Scheffel macht eine kurze Pause, in der er weiterkichern muss. Der Mann mit dem Scheitel im dünnen schwarzen Haar blinzelt unter seiner Brille. Mit dem fein gezogenen Bärtchen und den ein wenig hängenden Lidern sieht er tatsächlich aus wie eine Mischung aus Kevin Kuranyi und Rainer Brüderle. Er schaut sich einmal kurz um auf dem Hof des Geländes, dann sagt er: "Den Aufkleber hat's natürlich beim nächsten Regen weggewaschen." Scheffel wird schnell wieder ernst. Nur keine Schadenfreude zeigen!

Diese Anekdote könnte auch ein Bild für Mathias Scheffel sein: Er muss sich mit viel Kleinkram und manchmal auch mit Quatsch auseinandersetzen, versucht dabei aber immer gelassen zu bleiben. Vor allem bleibt er da. Auf dem Optimolgelände. Wie die Eisenräder. Auch wenn es alle paar Jahre heißt, jetzt sei nun wirklich Schluss. 1996 hieß es, 2001 sei es vorbei, dann lautete die Deadline 2003, später 2007, 2010 und nun 2014.

"Und auch danach wird es weitergehen", prophezeit Scheffel. Geändert hat sich wenig, statt Kunstpark Ost heißt es nun Kultfabrik und Optimolgelände. Darauf beherbergt Scheffel einen "alternativen Gewerbehof", etwa ein Fotolabor, einen Latin-Club, Künstlerateliers, die Theaterfabrik, die Drei Türme eröffnen am 13. Januar neu. Sein Reich hat der gebürtige Stuttgarter aus seinem Büro im ersten Stock des Hauptgebäudes im Blick. Es ist eines von vier Büros, die der Vater zweier Kinder in München nutzt.

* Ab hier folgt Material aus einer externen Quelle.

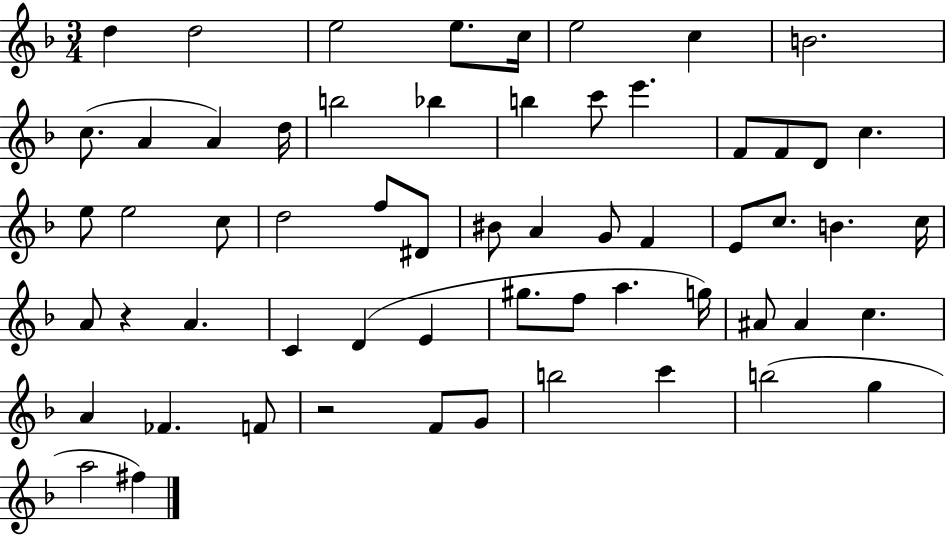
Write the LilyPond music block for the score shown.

{
  \clef treble
  \numericTimeSignature
  \time 3/4
  \key f \major
  d''4 d''2 | e''2 e''8. c''16 | e''2 c''4 | b'2. | \break c''8.( a'4 a'4) d''16 | b''2 bes''4 | b''4 c'''8 e'''4. | f'8 f'8 d'8 c''4. | \break e''8 e''2 c''8 | d''2 f''8 dis'8 | bis'8 a'4 g'8 f'4 | e'8 c''8. b'4. c''16 | \break a'8 r4 a'4. | c'4 d'4( e'4 | gis''8. f''8 a''4. g''16) | ais'8 ais'4 c''4. | \break a'4 fes'4. f'8 | r2 f'8 g'8 | b''2 c'''4 | b''2( g''4 | \break a''2 fis''4) | \bar "|."
}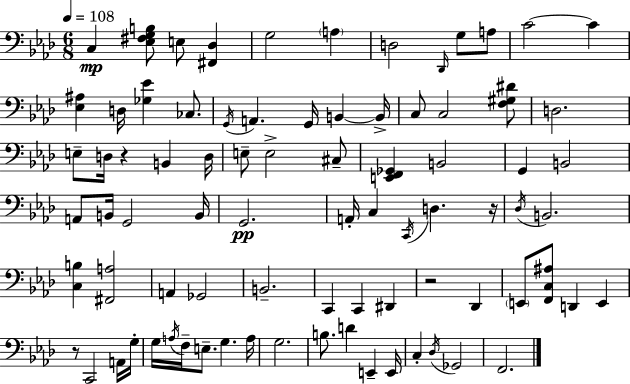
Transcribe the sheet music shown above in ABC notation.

X:1
T:Untitled
M:6/8
L:1/4
K:Fm
C, [_E,^F,G,B,]/2 E,/2 [^F,,_D,] G,2 A, D,2 _D,,/4 G,/2 A,/2 C2 C [_E,^A,] D,/4 [_G,_E] _C,/2 G,,/4 A,, G,,/4 B,, B,,/4 C,/2 C,2 [F,^G,^D]/2 D,2 E,/2 D,/4 z B,, D,/4 E,/2 E,2 ^C,/2 [E,,F,,_G,,] B,,2 G,, B,,2 A,,/2 B,,/4 G,,2 B,,/4 G,,2 A,,/4 C, C,,/4 D, z/4 _D,/4 B,,2 [C,B,] [^F,,A,]2 A,, _G,,2 B,,2 C,, C,, ^D,, z2 _D,, E,,/2 [F,,C,^A,]/2 D,, E,, z/2 C,,2 A,,/4 G,/4 G,/4 A,/4 F,/4 E,/2 G, A,/4 G,2 B,/2 D E,, E,,/4 C, _D,/4 _G,,2 F,,2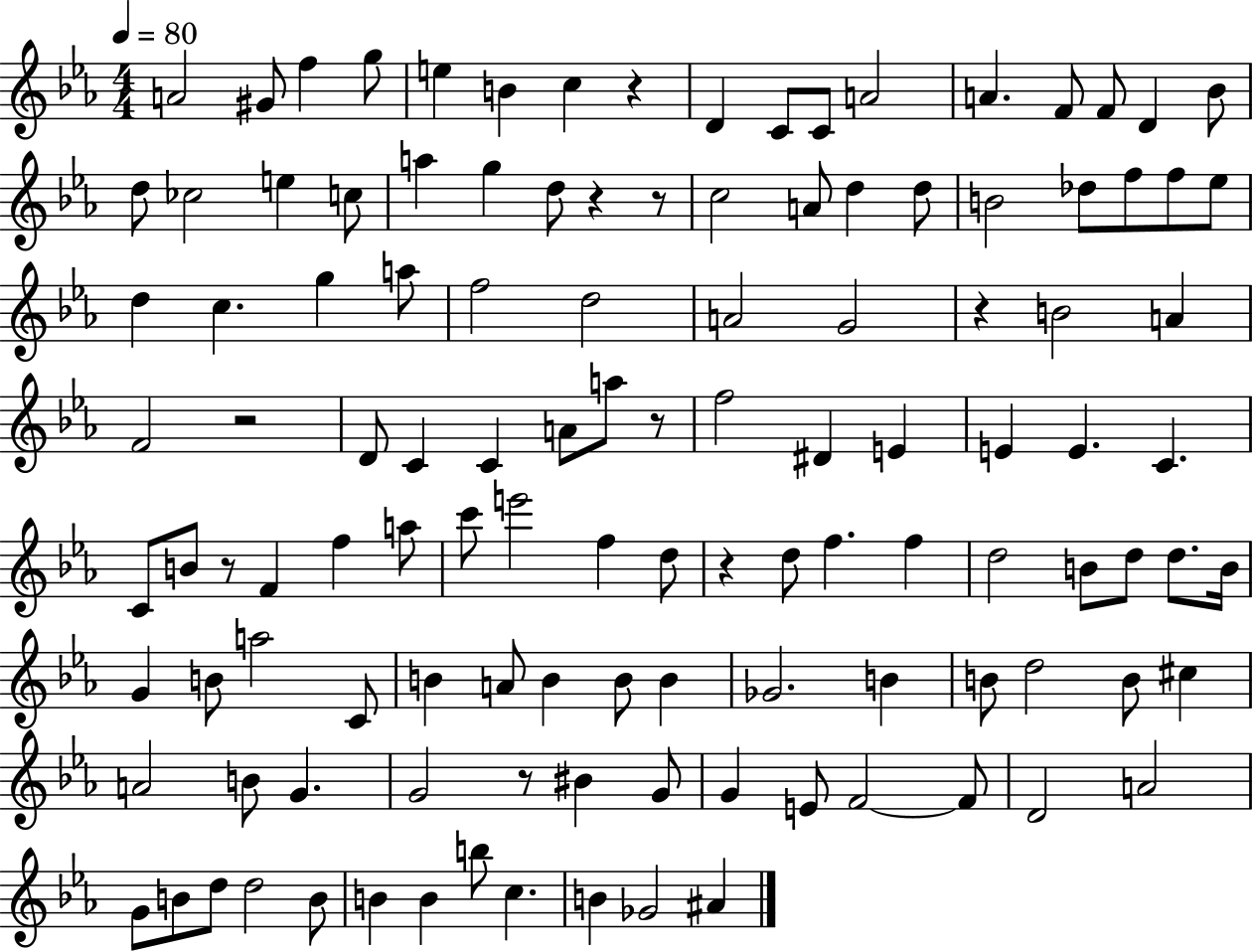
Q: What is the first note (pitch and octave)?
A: A4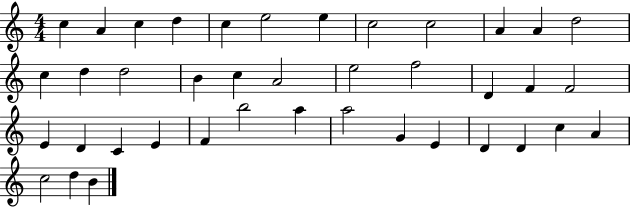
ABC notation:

X:1
T:Untitled
M:4/4
L:1/4
K:C
c A c d c e2 e c2 c2 A A d2 c d d2 B c A2 e2 f2 D F F2 E D C E F b2 a a2 G E D D c A c2 d B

Büros. Schreibtische. Es hat sich einiges geändert, seit Scheffel Mitte der achtziger Jahre zum Studium nach München kam. Da nannte man ihn als DJ "Psycho Billy", und er machte sich daran, die Grundlage dafür zu legen, dass ihn die Weggefährten heute mit großem Respekt als "Mentor, Urgestein und Stratege" bezeichnen, so wie Florian Faltenbacher, der Betreiber der Milchbar.

"Die Tanzdiebe"

Vor Psycho Billy ist Scheffel ein Jura-Student, der sich zusammen mit seinem vier Jahre jüngeren Bruder als DJ seine Miete verdient. Die beiden werden als "Die Tanzdiebe" Partyveranstalter. Florian Faltenbacher ist ihr Plakatierer. "1987, als wir angefangen haben, gab es in München nur zwei Möglichkeiten zum Feiern: In einem Club oder beim Privatfest." Scheffel bietet eine neue Variante: die öffentliche Party. An die erste kann er sich genau erinnern.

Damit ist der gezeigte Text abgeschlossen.